▸ **Required work**
All of the data that follows is to be printed exactly, without pictures.

▸ **Data extracts**
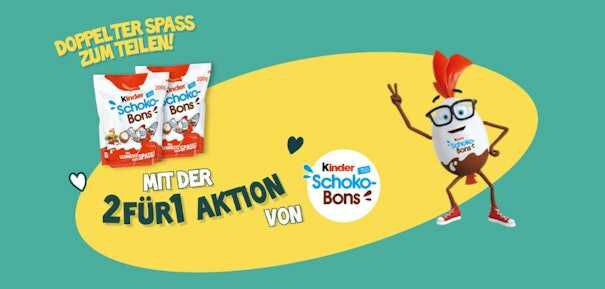 2 für 1: Kinder Schokobons gratis holen   mit Geld zurück Garantie Aktion gültig bis: 10. August 2025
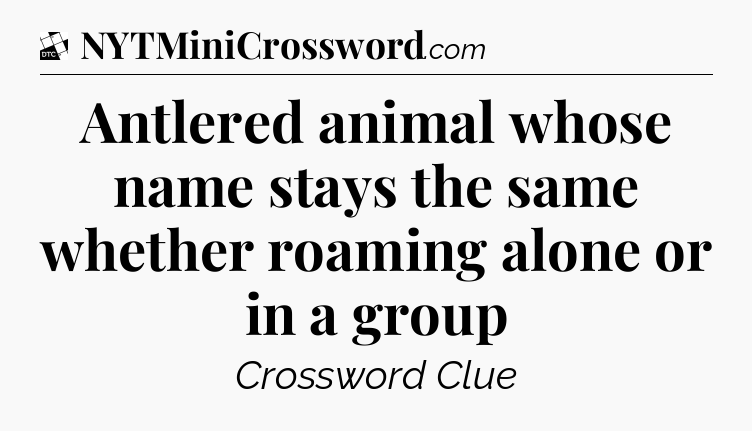 Antlered animal whose name stays the same whether roaming alone or in a group - Daily Themed Classic Crossword
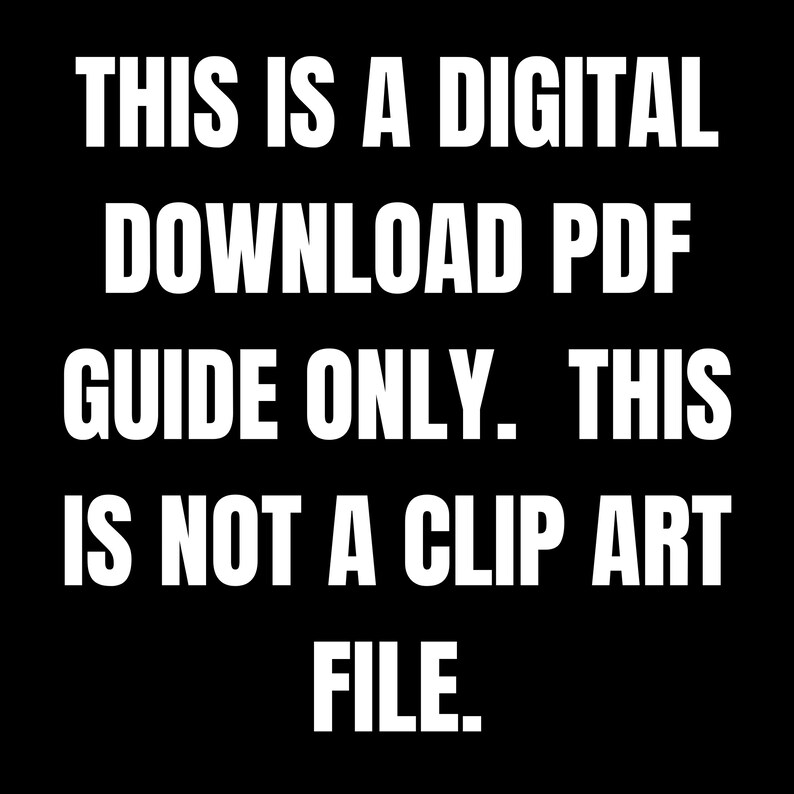 K&ouml;nnte beinhalten: Text auf schwarzem Hintergrund, der lautet: "THIS IS A DIGITAL DOWNLOAD PDF GUIDE ONLY. THIS IS NOT A CLIP ART FILE."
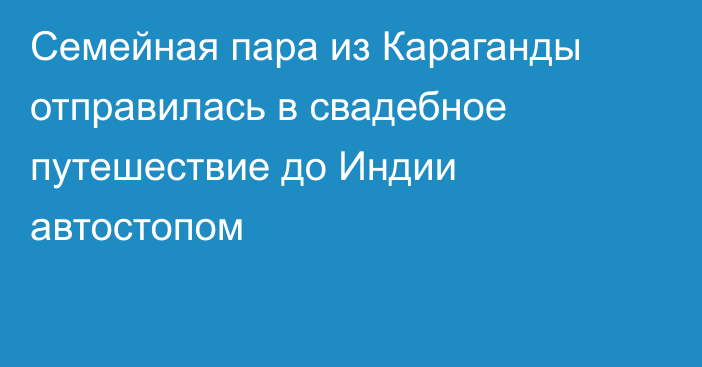 Семейная пара из Караганды отправилась в свадебное путешествие до Индии автостопом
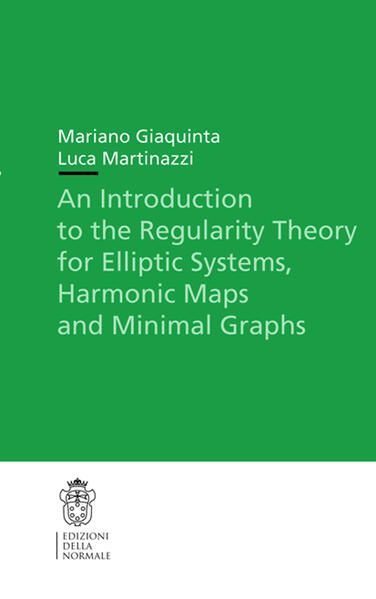 Produktbild: An Introduction to the Regularity Theory for Elliptic Systems, Harmonic Maps and Minimal Graphs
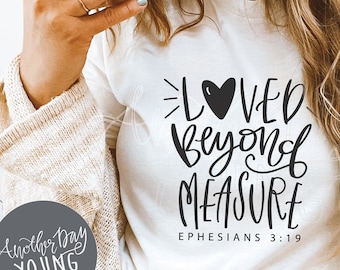 Loved Beyond Measure Ephesians 3:19 svg , Christian svg , bible verse , Jesus , Valentines SVG ,  Hand Lettered svg png , Instant Download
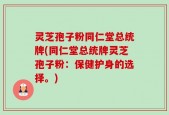 灵芝孢子粉同仁堂总统牌(同仁堂总统牌灵芝孢子粉：保健护身的选择。)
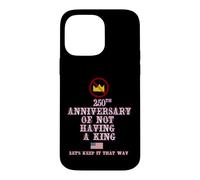 Carcasa para iPhone 14 Pro MAX 250 Aniversario DE NO Tener UN Rey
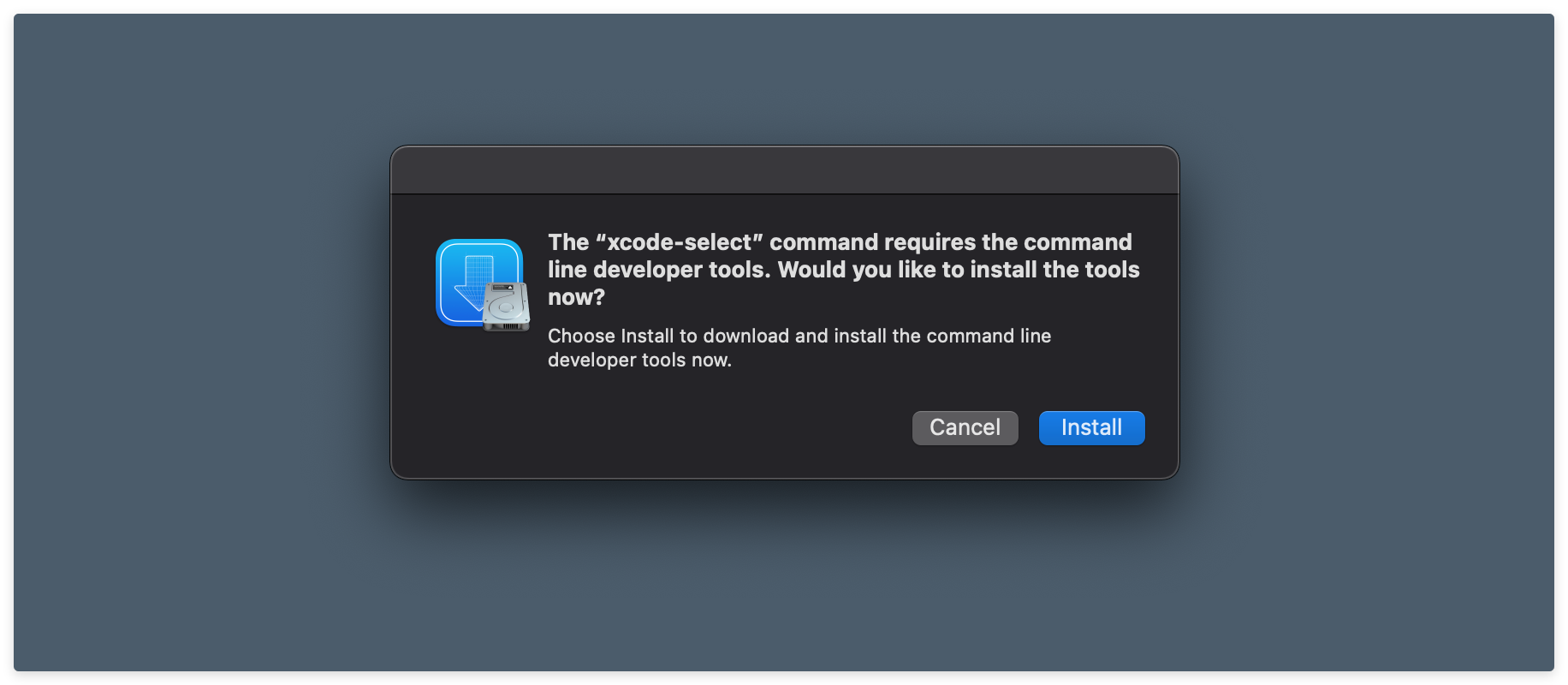 The xcode-select prompt - select the Install option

▸ **The answer**
 2 für 1: Kinder Schokobons gratis holen   mit Geld zurück Garantie Aktion gültig bis: 10. August 2025
 Antlered animal whose name stays the same whether roaming alone or in a group - Daily Themed Classic Crossword
 K&ouml;nnte beinhalten: Text auf schwarzem Hintergrund, der lautet: "THIS IS A DIGITAL DOWNLOAD PDF GUIDE ONLY. THIS IS NOT A CLIP ART FILE."
 Семейная пара из Караганды отправилась в свадебное путешествие до Индии автостопом
 Produktbild: An Introduction to the Regularity Theory for Elliptic Systems, Harmonic Maps and Minimal Graphs
 Loved Beyond Measure Ephesians 3:19 svg , Christian svg , bible verse , Jesus , Valentines SVG ,  Hand Lettered svg png , Instant Download
 灵芝孢子粉同仁堂总统牌(同仁堂总统牌灵芝孢子粉：保健护身的选择。)
 Carcasa para iPhone 14 Pro MAX 250 Aniversario DE NO Tener UN Rey
 The xcode-select prompt - select the Install option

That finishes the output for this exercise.